SUPPLIED INFORMATION:
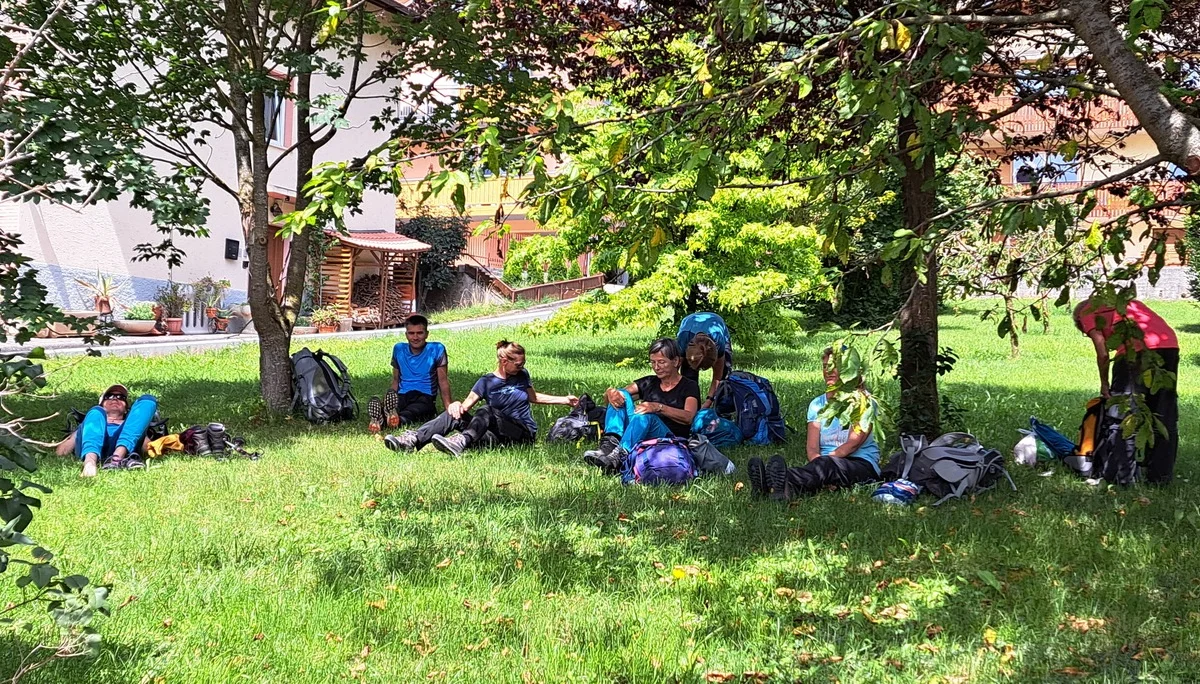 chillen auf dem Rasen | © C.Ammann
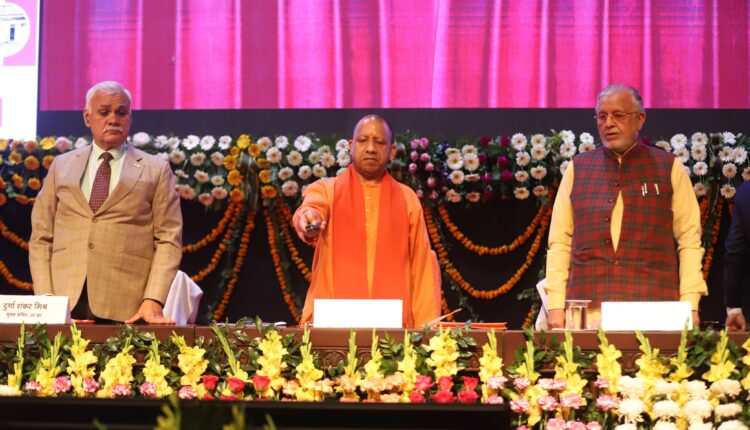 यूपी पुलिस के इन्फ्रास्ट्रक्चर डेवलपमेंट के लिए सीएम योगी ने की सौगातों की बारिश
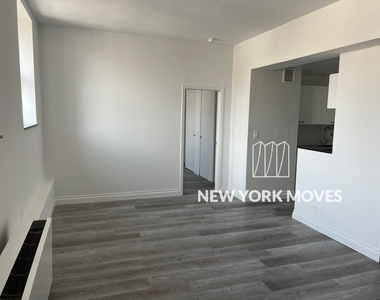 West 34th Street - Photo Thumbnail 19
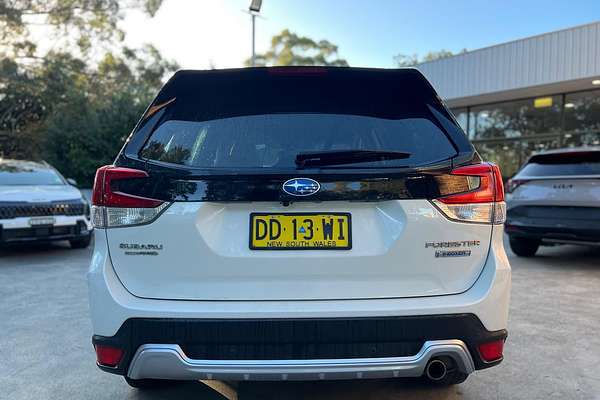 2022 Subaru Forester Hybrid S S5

WHAT YOU NEED TO DO: Output only the lines that run from the line containing "West 34th Street - Photo Thumbnail 19" to the last line of the data, exactly as they stand and without pictures.

RESULT OF THE TASK:
 West 34th Street - Photo Thumbnail 19
 2022 Subaru Forester Hybrid S S5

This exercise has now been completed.